Avec seulement deux recueils d'une splendeur inégalée, Les Iles de la nuit (1944) et Rivages de l'homme (1948), Alain Grandbois allait déployer tout son art poétique. Ce poète discret, qui n'avait l'intention de faire ni carrière ni œuvre, avait déjà épuré les sources premières de l'écriture quand il rendit publics les 28 poèmes qui composent Les Iles de la nuit. Les thèmes qui y prenaient leur envol n'étaient déjà plus ceux qui inaugurent un univers poétique : voilà qu'Alain Grandbois y exprimait une lecture grave et ontologique du monde et des conditions hostiles de l'existence humaine.
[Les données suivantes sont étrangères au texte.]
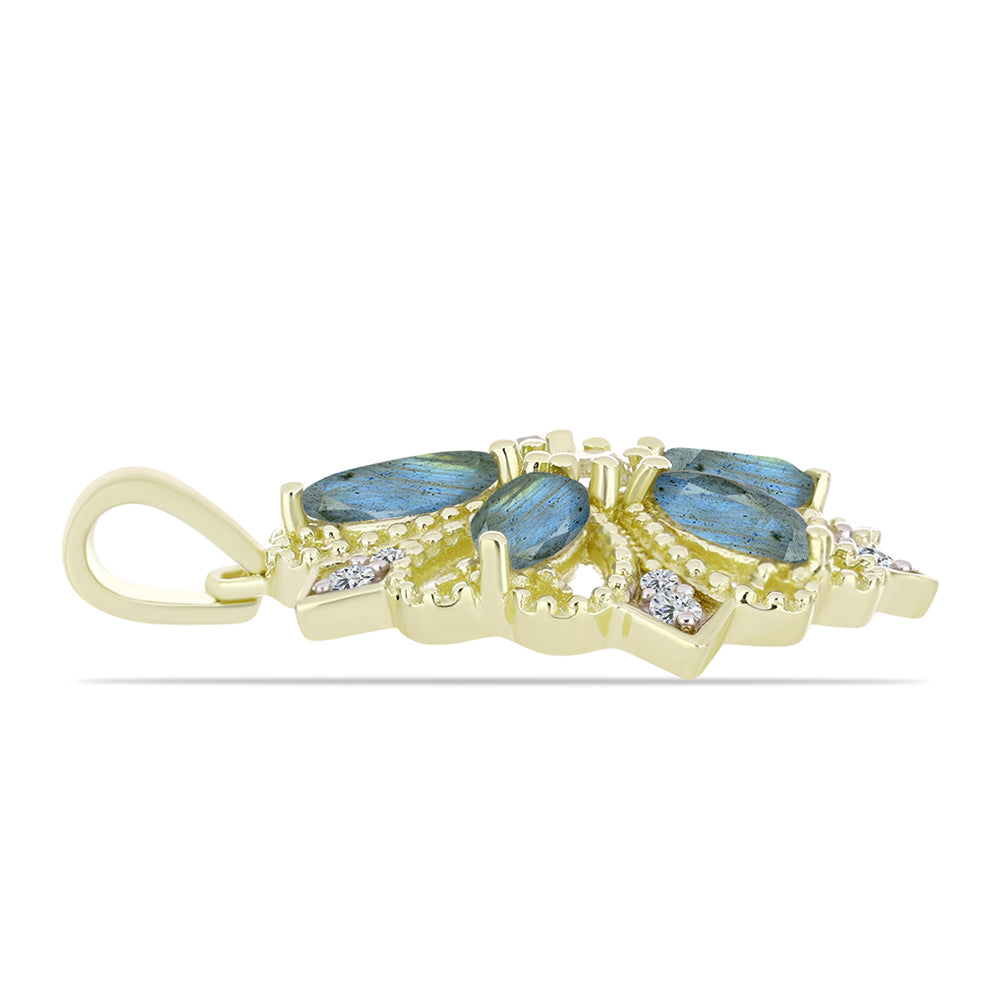 Pandantiv din Argint 925 Placat cu Aur ( 2.69 grame ) cu Labradorit și Topaz Alb 1.51 Carate 2 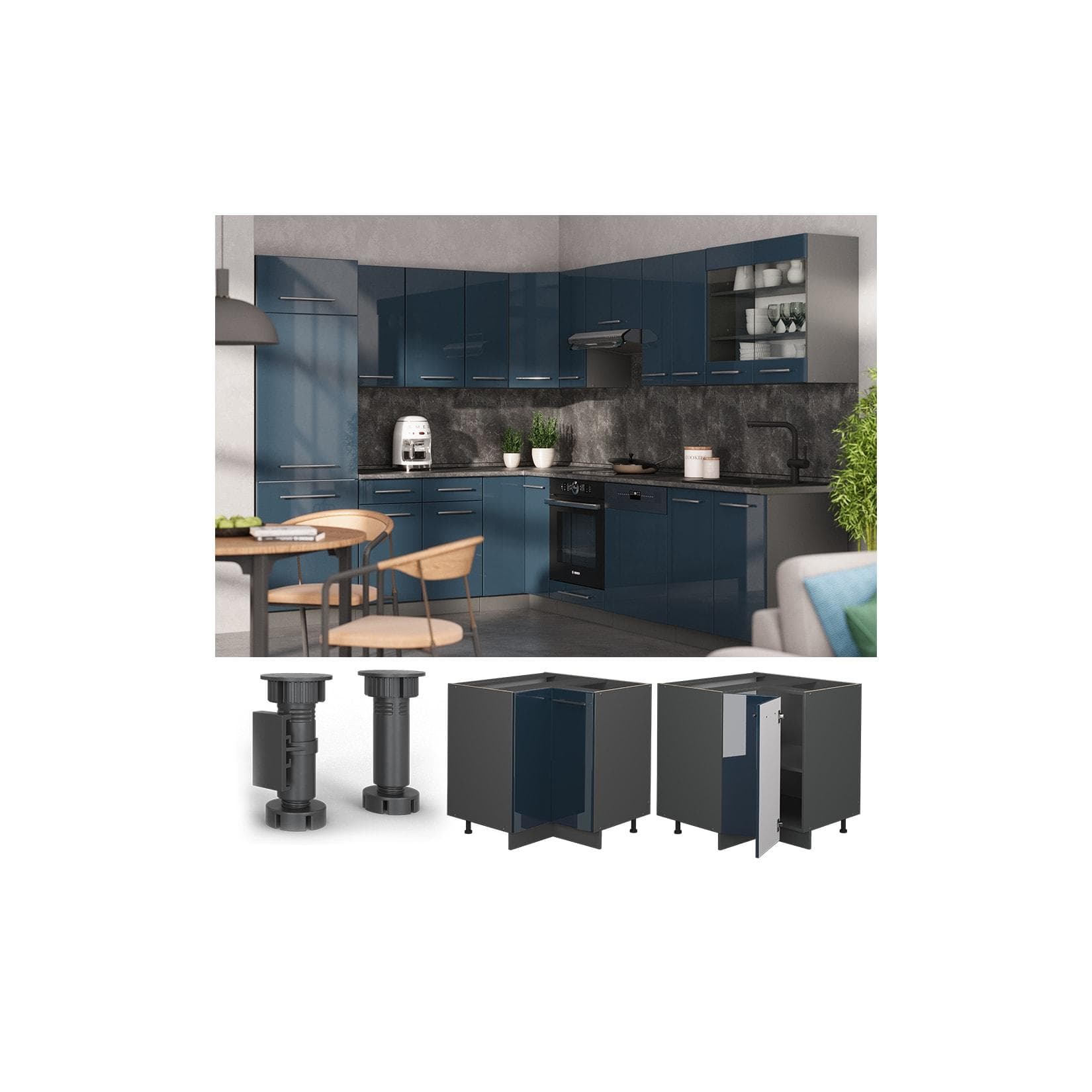 Dunkelblauer Hochglanz Eckunterschrank mit Anthrazit-Details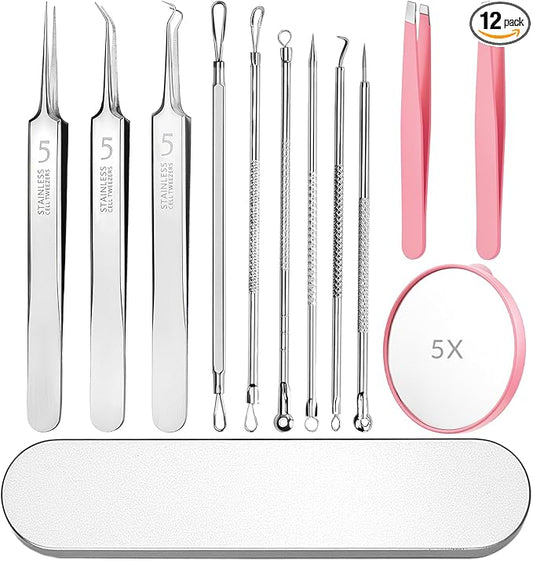 Blackhead Remover Tools Kit 12PCS: 9×Comedone Extractors, 2×Eyebrow Tweezers, 1×5X Mirror, Curved Blackhead Tweezers Kit for Removal of Blackheads, Pimples, Zit Removing, Facial & Nose Tool (Pink)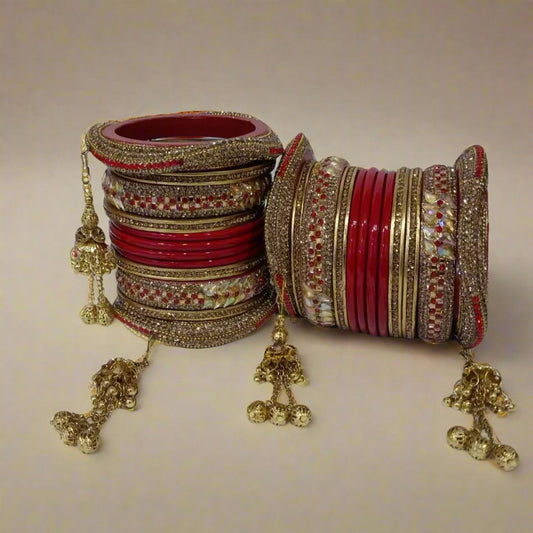 Teardrop Stone Bridal Bangdi Red Lac Chura Set with | 24 Bangles | Tri-layer Chain Structure | for Women and Girls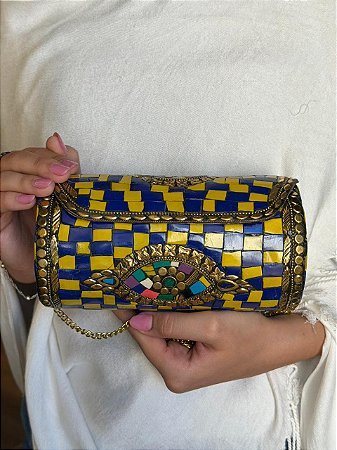 Bolsa Clutch em Metal - Amarelo, Azul e Dourado - Com Alça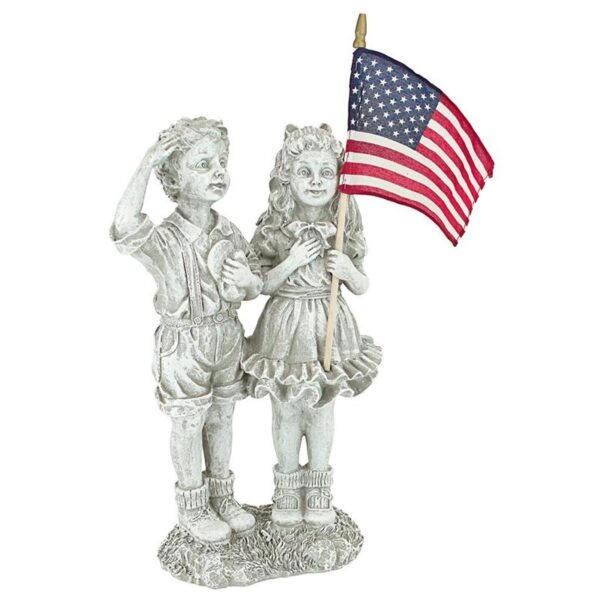 Design Toscano QM7512030 8 Inch Patriotic Flag Children Statue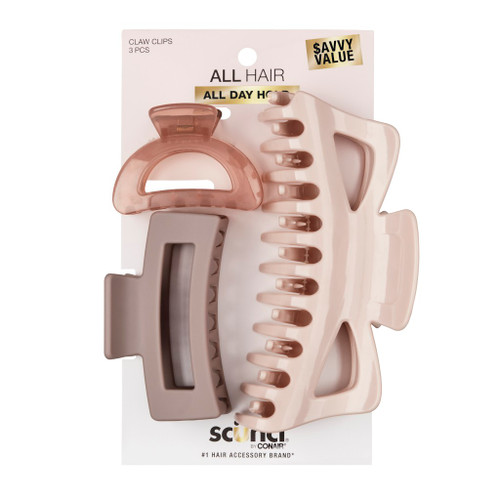 Scunci  Acrylic Salon Clips Oval Animal, Rect Animal, Oval Solid - 3 Ct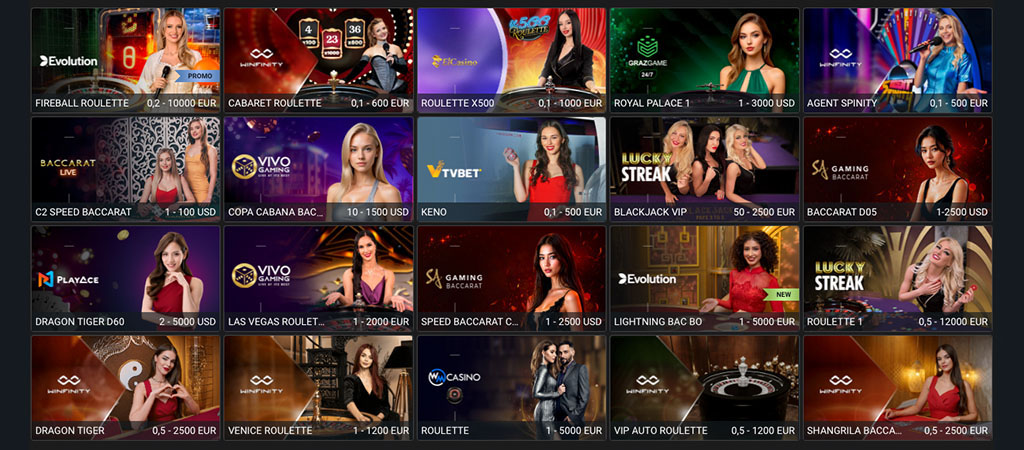 Live-Casino, Roulette, Blackjack, Baccarat, Dragon Tiger, Keno, VIP-Tische, echte Dealer, Evolution Gaming, Glückssträhne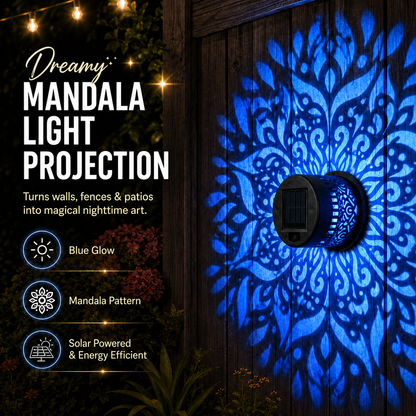 65K+ Sold! 🪐 Mandala Solar Projection Light | Garden Fence Wall Lamp 🌌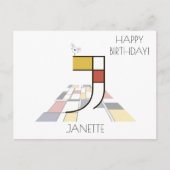 モダンアートスタイルのイニシャル。文字J ポストカード (正面)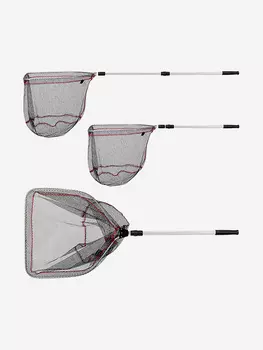 Подсачек Akara PF-2-1 50x55 см прямоугольный 2 колена резининовая сетка разборный L160, Мультицвет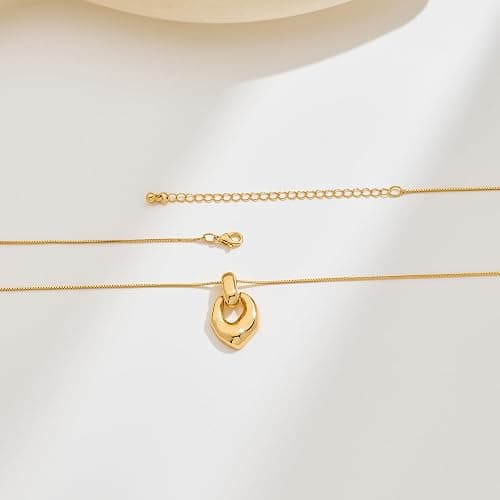 HESSAWELL Gold Pendant Necklace for Women Statement Gold Silver Necklace Trendy Jewelry for Women thumbnail 5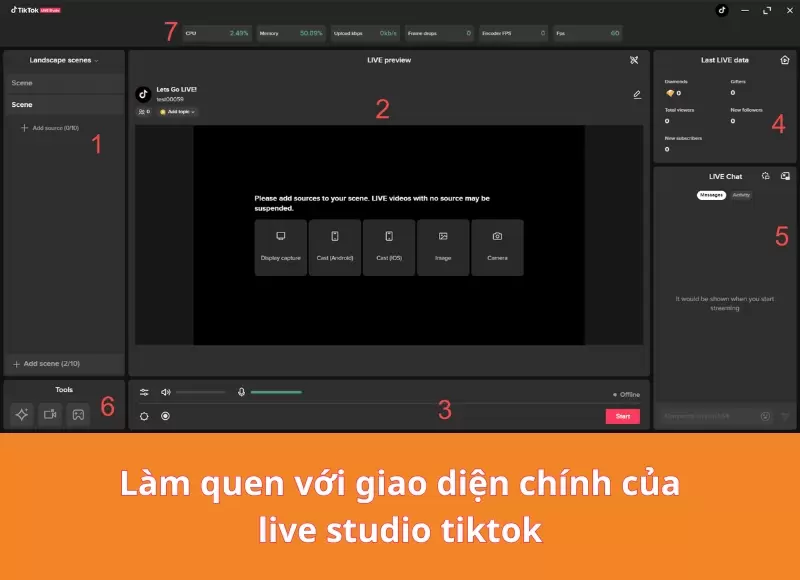 Giao diện chính của live studio tiktok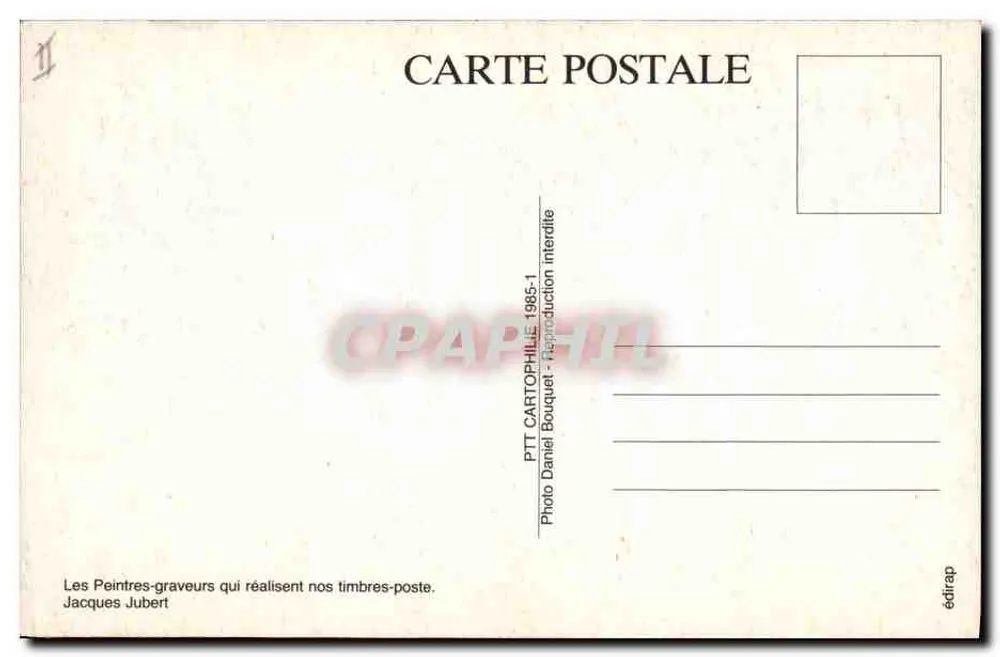 Kunstler-Steinzeichner am Werk — Jacques Jubert — Foto Daniel Bouquet — 1986-1 - Rückseite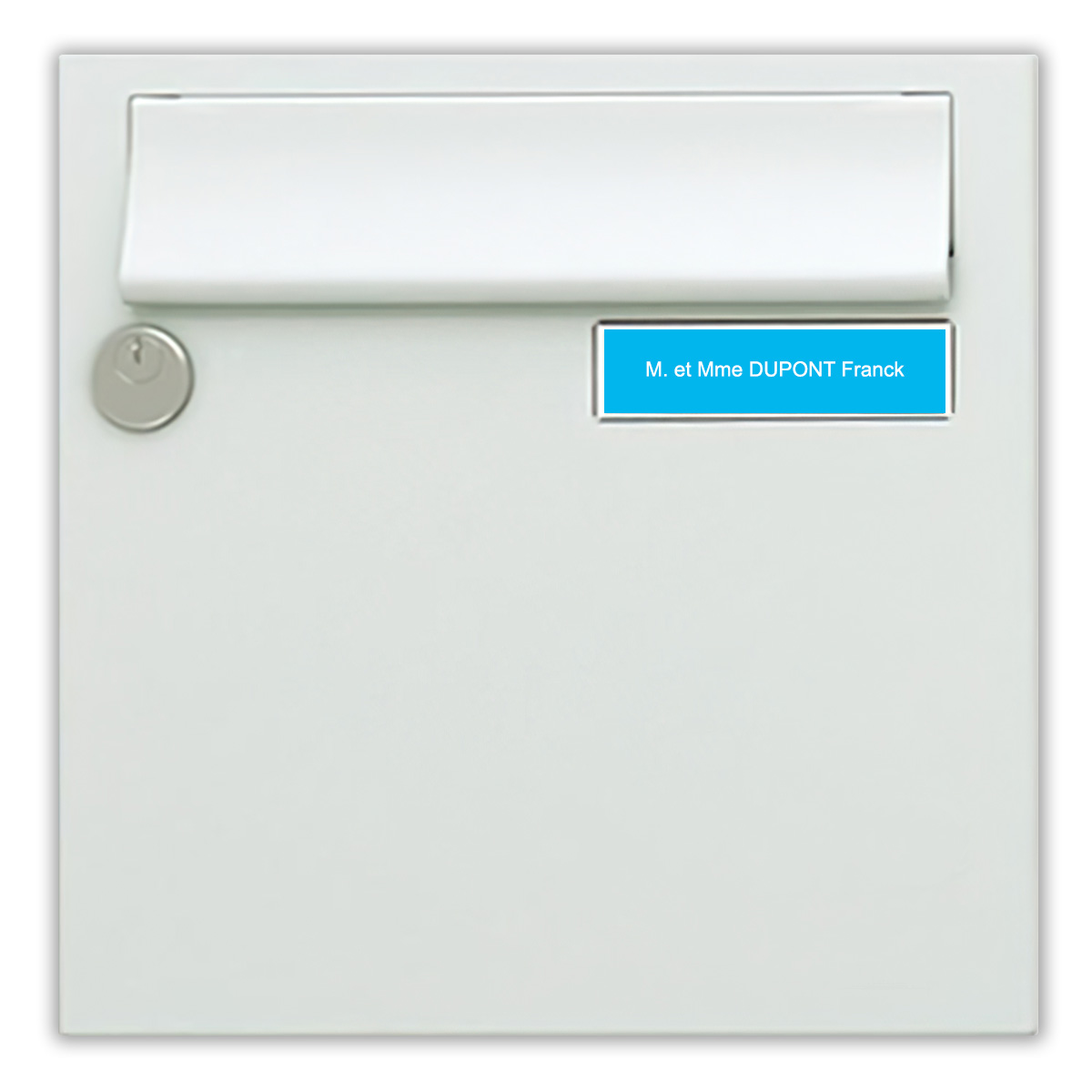 Plaque de boite aux lettre cyan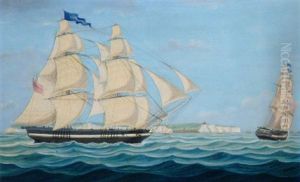 The Homeward-bound Brig "commerce", Under Full Sail, Depicted In Two Positions Off Dover by Miles Walters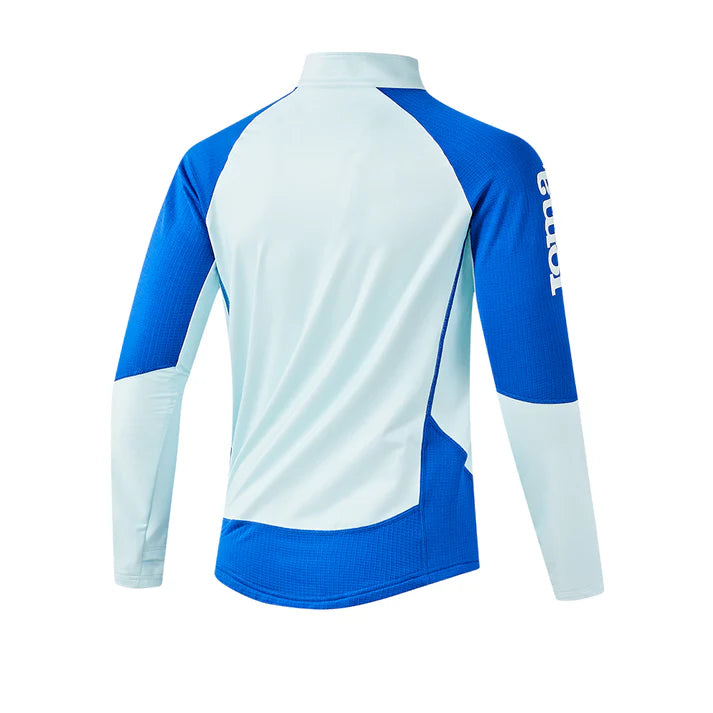 男款加絨半拉鍊長袖上衣 【白/天藍/藏青】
Nourri des spectacles de la vie sur tous les continents, dans ses profondeurs et ses échappées clairvoyantes mais aussi dans ses rapports conflictuels avec ses origines, l'univers chaotique et menacé qui deviendra le sien sera une fin du monde plutôt qu'une quête sereine de la paix de l'âme. Désenchantement, désespérance, désillusion, désamour feront naître sous sa plume des images d'abîmes et de gouffres, de cyclones, d'astres et de volcans, de corps fragile, de beauté fugace, d'amour évanescent et de tendresse mortelle. L'Amour est-il encore possible sur Terre lorsque les rivages d'une si cruelle lucidité sont atteints ?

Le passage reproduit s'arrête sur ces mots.